The September 2006 Opinion and Order followed a 24-day trial on damages held in Washington, D.C., between May 12, 2005, [240]*240and June 20, 2005. The parties filed Post-Trial Proposed Findings of Fact and Conclusions of Law on September 2, 2005, and responses thereto on November 14, 2005.1 The Court heard closing argument on February 17, 2006 and on March 1, 2006.

For the reasons set forth below, after reconsideration, the Court holds that the lost volume seller theory, as formulated by plaintiff, depends upon the demonstration of unrecoverable damages for independent and collateral undertakings in the form of profits from future additional timber contracts that are not related to the subject matter of the breached contracts. The Court further holds that permitting plaintiff to use these unrecoverable damages to reduce the amount of the deduction required to be made in the lost profits calculus to account for the profits earned on the breached contracts, would be the functional equivalent of affirmatively awarding damages for the lost profits on the future additional contracts. Moreover, the Court holds that even if plaintiffs theory of recovery did not require a demonstration of unrecoverable damages, plaintiff has failed to establish on the evidence of record that it meets the criteria set forth in the Court’s September 2006 Opinion and Order for application of plaintiffs modified lost volume theory.

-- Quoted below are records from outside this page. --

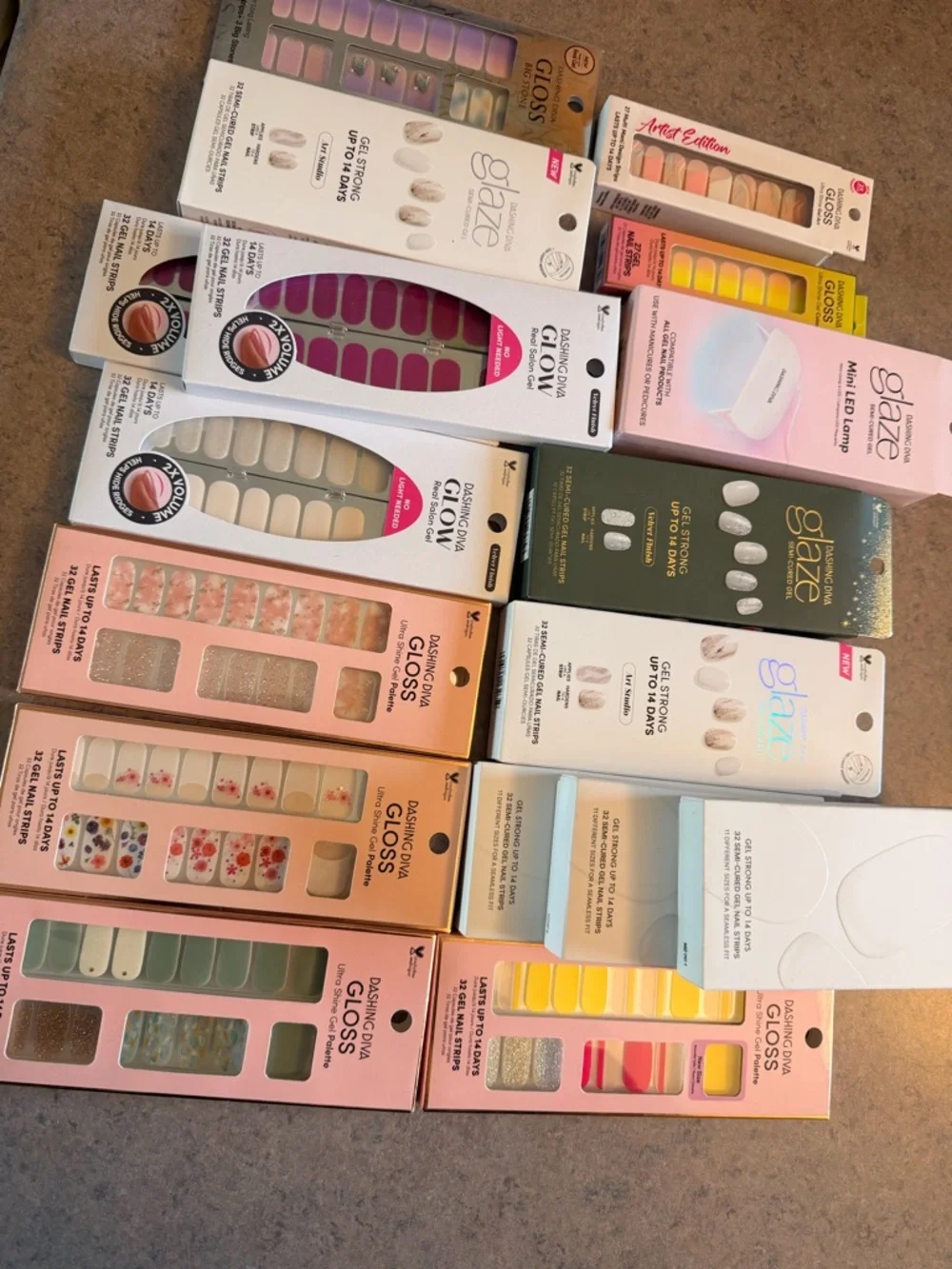 LOT of 16 new Dashing Diva gel strips and new mini led lamp!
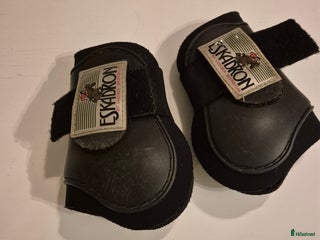 Benskydd hästutrustning till salu: Eskadron bakbenskydd i Uppsala - Annons 2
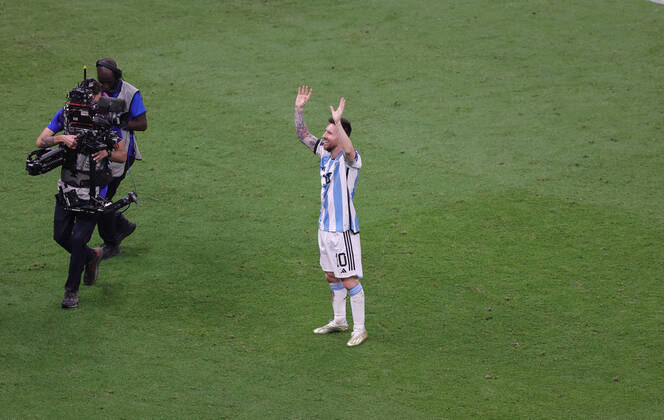 Argentina v France 2022 FIFA World Cup, WM, Weltmeisterschaft, Fussball Lionel Messi of Argentina celebrates winning the 2022 FIFA World Cup Final between Argentina and France at Lusail Stadium, Lusail Content Not Available For UK Newspapers Copyright: xPaulxChestertonx FIL-17843-0299 UK Newspapers OUT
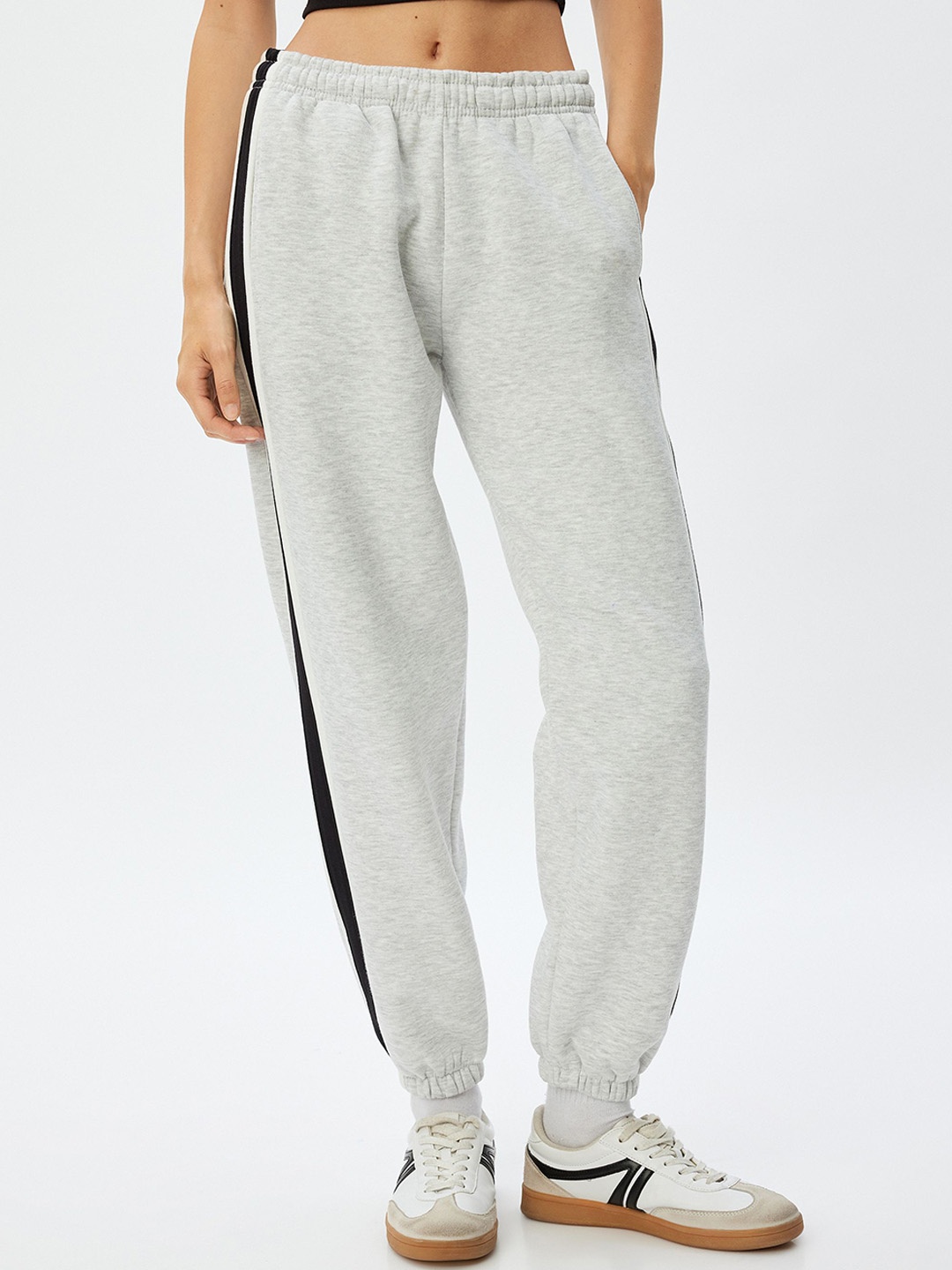 

Koton Women Mid Rise Regular Fit Slip-On Joggers, Grey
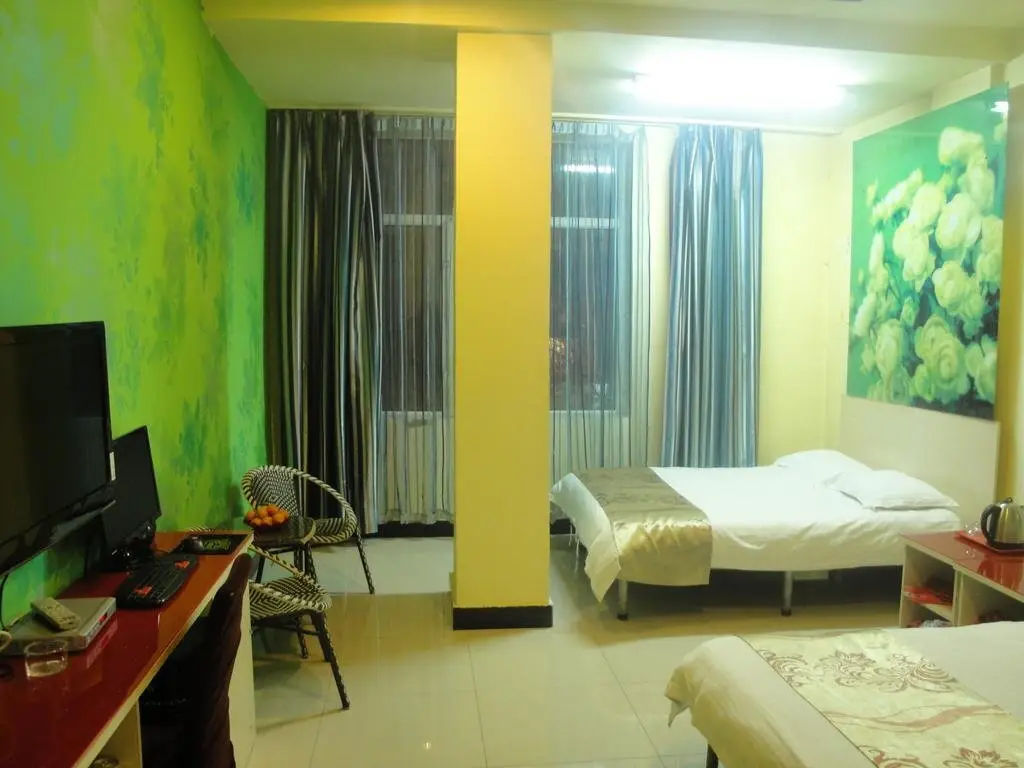 Landi Express Business Hotel — фото 1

As set forth below, the Court holds that plaintiff is entitled to recover lost profits on the breached contracts as measured by the expected profits it would have earned on the breached contracts during the suspension period less profits it actually earned on the breached contracts in the post-suspension period. However, also as set forth below, the Court has determined that certain of the input values used by plaintiff in its calculation of lost profits require modification, and as a result, plaintiffs damages must be recalculated in light of the Court’s findings. Finally, the Court finds that certain other categories of relief that plaintiff requests are either unavailable, or available only in part.

BACKGROUND2

This case concerns 14 timber sale contracts that were either awarded or transferred to Precision Pine & Timber, Inc. (“Precision Pine”) prior to August 1995.3 On August 25, [241]*2411995, pursuant to an order of the United States District Court for the District of Arizona in Silver v. Babbitt, 924 F.Supp. 976, 989 (D.Ariz.1995), the United States Forest Service (the “Forest Service”) suspended harvesting on all Forest Service timber sale contracts in Forest Service Region Three, including Precision Pine’s 14 contracts. Joint Stipulation of Facts (“Joint Stip.”) ¶¶ 28-29 (docket entry 292, Mar. 11, 2005).

The Silver court held that Section 7 of the Endangered Species Act (“ESA”), 16 U.S.C. § 1531 et. seq., required the Forest Service to submit its Land and Resource Management Plans (“LRMPs”) for consultation with the Fish and Wildlife Service (“FWS”) in light of the listing of the Mexican Spotted Owl as a threatened species. Silver, 924 F.Supp. at 988-89. The Forest Service had originally completed LRMPs for National Forests in Forest Service Region Three between 1985 and 1988, before the Mexican Spotted Owl was listed as a threatened species in 1993. Id. at 980-91. In 1994, however, the United States Court of Appeals for the Ninth Circuit held that the LRMPs represented ongoing “agency actions” for which the Forest Service was required to engage in consultations with the FWS whenever a new species is listed as threatened or endangered to the extent that the existing LRMPs “may affect” the newly listed species. Pacific Rivers Council v. Thomas, 30 F.3d 1050, 1055-56 (9th Cir.1994). Following Pacific Rivers, the Arizona District Court enjoined the Forest Service from permitting timber harvesting in the affected areas until the Forest Service consulted the FWS regarding the impacts of the Forest Service’s LRMPs upon the Mexican Spotted Owl. Silver, 924 F.Supp. at 988-89.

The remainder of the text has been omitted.